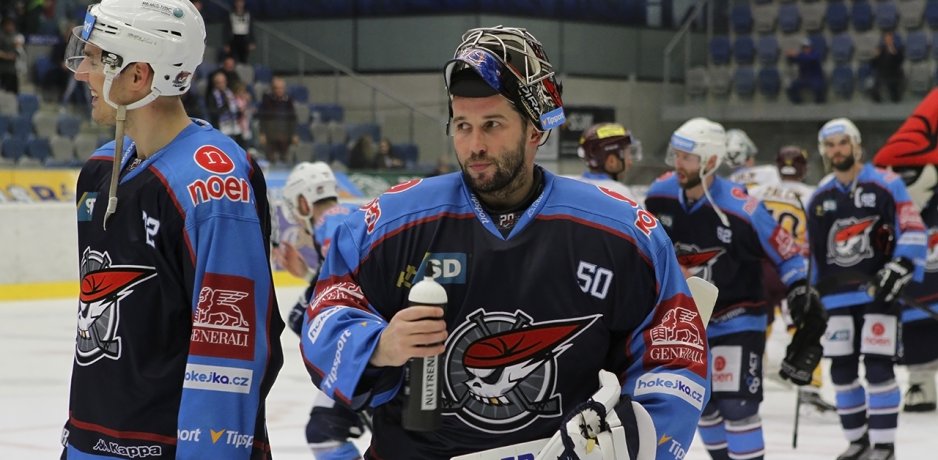 Fribourg & Chomutov off to surprise starts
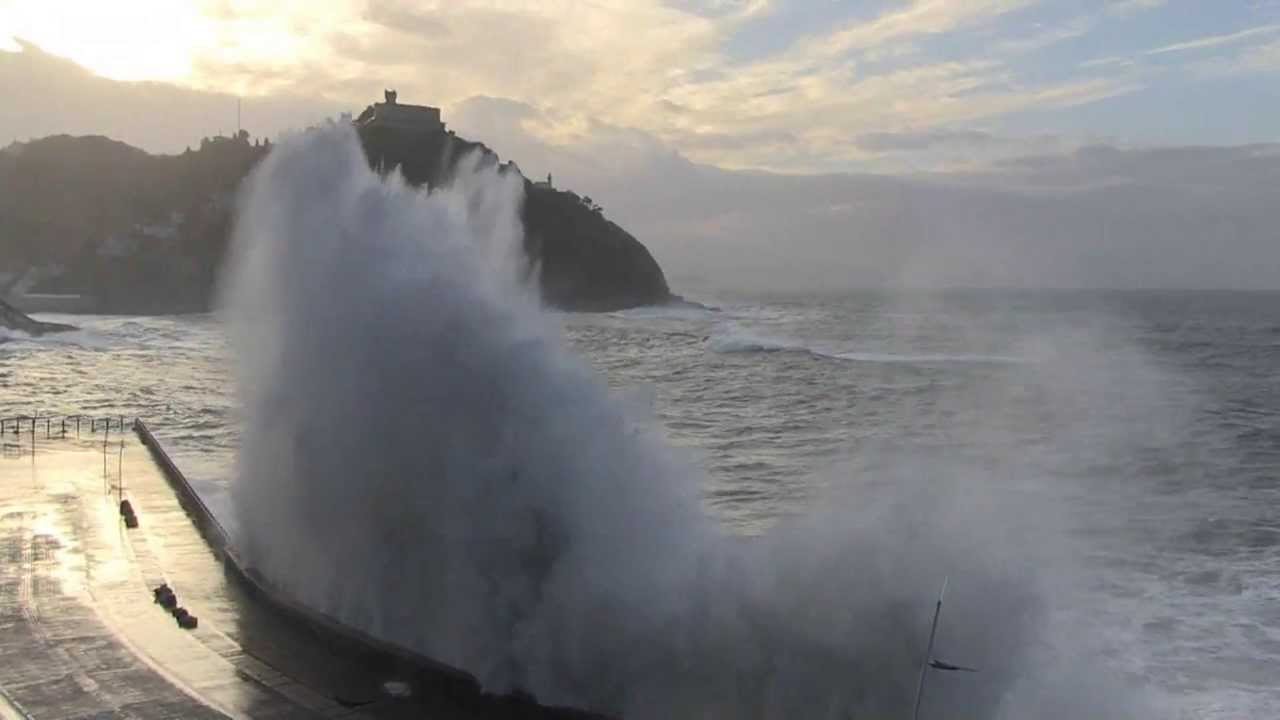 Olatuak Donostian - Olas en Donosti - Big waves in Donosti
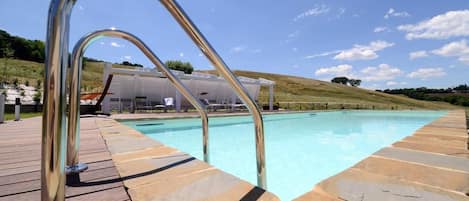 Piscine extérieure (ouverte en saison), parasols de plage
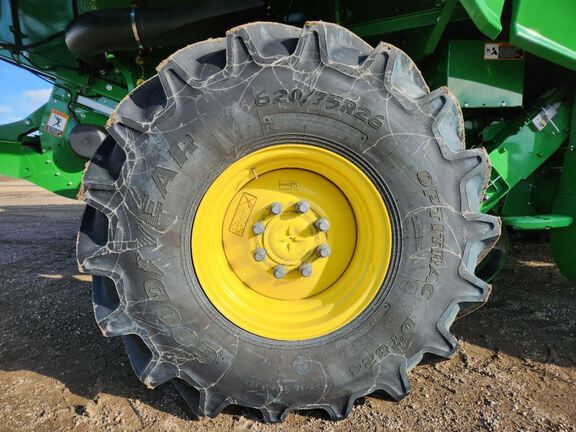 2024 John Deere S770 Combine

Exercise:
What you give back should be the full material above, retyped exactly, with every image removed.

Problem solution:
 Fribourg & Chomutov off to surprise starts
 Olatuak Donostian - Olas en Donosti - Big waves in Donosti
 Piscine extérieure (ouverte en saison), parasols de plage
 2024 John Deere S770 Combine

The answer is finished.